-- WHAT IS BEING ASKED --
Nothing but the lines from the one with "Technical Analysis Stock" through the end of the listing should be reproduced, each exactly and with pictures omitted.

-- DATA SECTION --
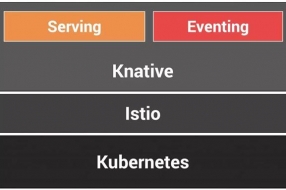 Knative給Kubernetes帶來了事件驅(qū)動(dòng)和無服務(wù)器計(jì)算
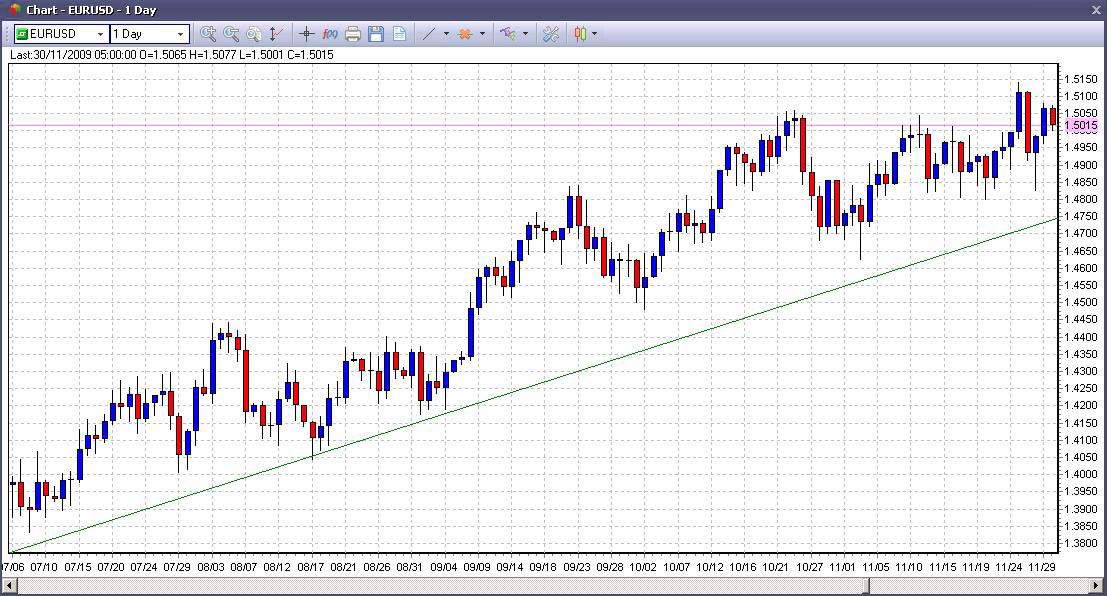 Technical Analysis Stock Market Technical Indicators Education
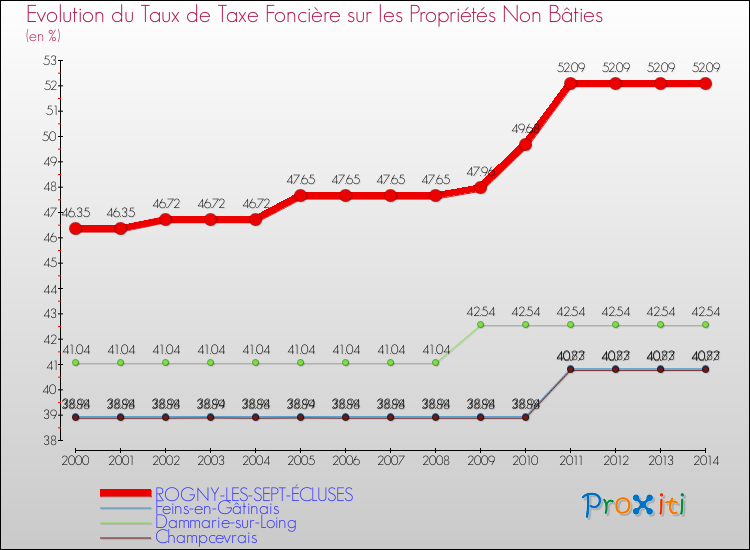 Evolution du taux de la taxe foncière sur les immeubles et terrains non batis pour ROGNY-LES-SEPT-ÉCLUSES et les communes proches de 2000 à 2014 Comparaison des taux de la taxe foncière sur les immeubles et terrains non batis pour ROGNY-LES-SEPT-ÉCLUSES et les communes voisines de 2000 à 2014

-- RESPONSE BELOW --
 Technical Analysis Stock Market Technical Indicators Education
 Evolution du taux de la taxe foncière sur les immeubles et terrains non batis pour ROGNY-LES-SEPT-ÉCLUSES et les communes proches de 2000 à 2014 Comparaison des taux de la taxe foncière sur les immeubles et terrains non batis pour ROGNY-LES-SEPT-ÉCLUSES et les communes voisines de 2000 à 2014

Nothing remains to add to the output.